Assigned task:
With the pictures left out, restate exactly the part below that opens with the line containing "WSLHFEO Glass Abrasive" and closes with the line containing "La Paz At Boca".

──────── Input material ────────

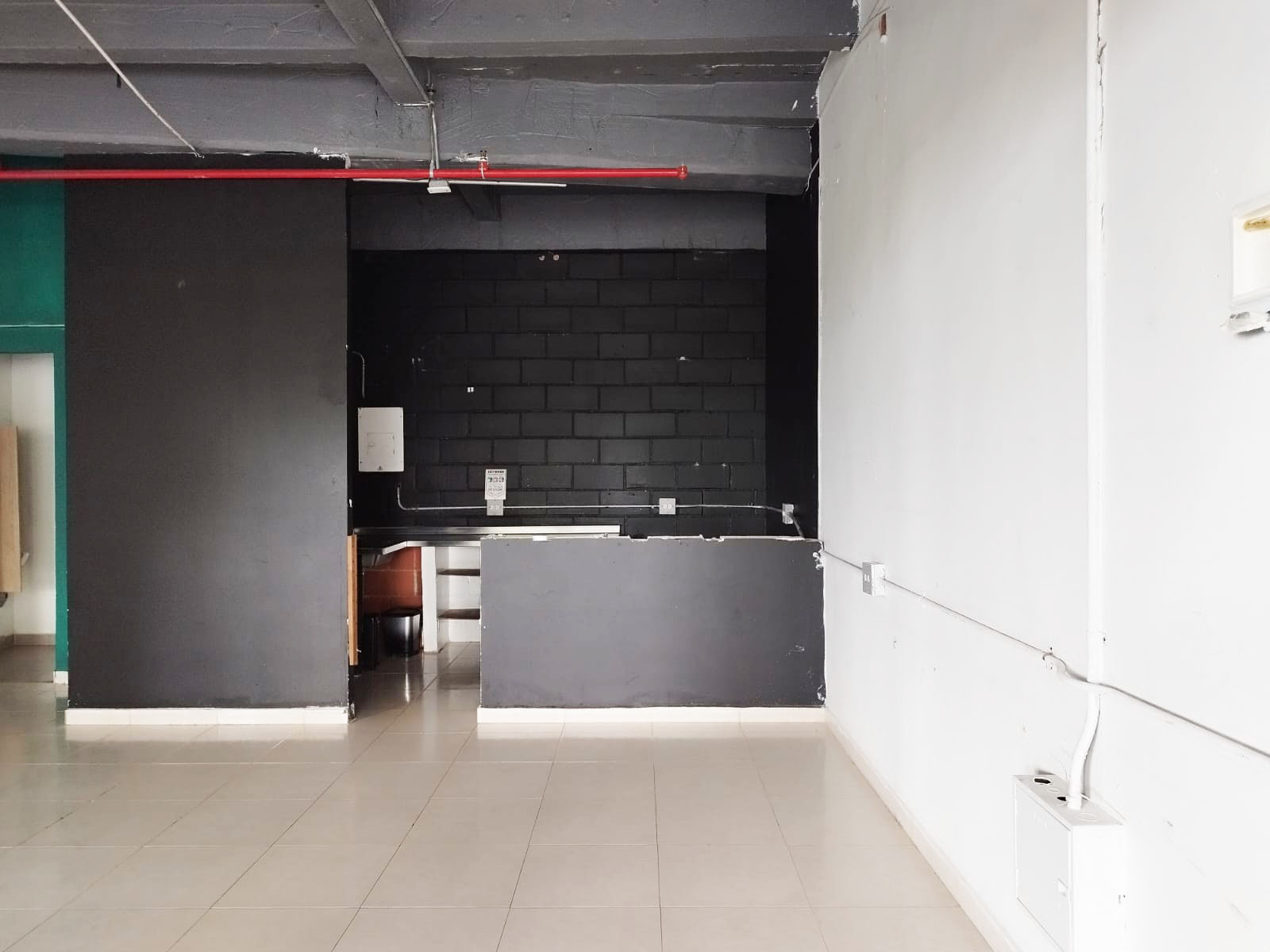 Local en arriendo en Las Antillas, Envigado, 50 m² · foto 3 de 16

────────
──────── Input material ────────

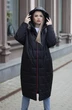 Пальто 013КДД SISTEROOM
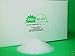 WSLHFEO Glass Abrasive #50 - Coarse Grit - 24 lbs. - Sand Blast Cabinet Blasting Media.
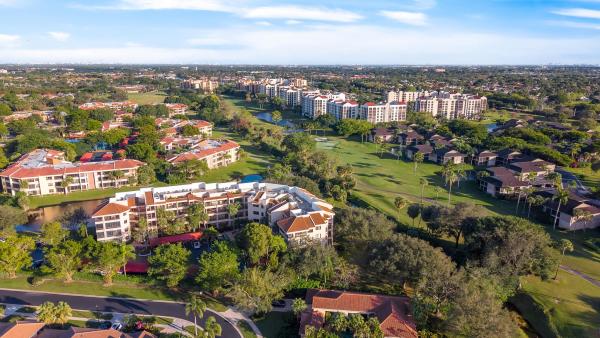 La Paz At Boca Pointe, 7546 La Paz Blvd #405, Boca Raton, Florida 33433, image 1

────────

Result of the task:
 WSLHFEO Glass Abrasive #50 - Coarse Grit - 24 lbs. - Sand Blast Cabinet Blasting Media.
 La Paz At Boca Pointe, 7546 La Paz Blvd #405, Boca Raton, Florida 33433, image 1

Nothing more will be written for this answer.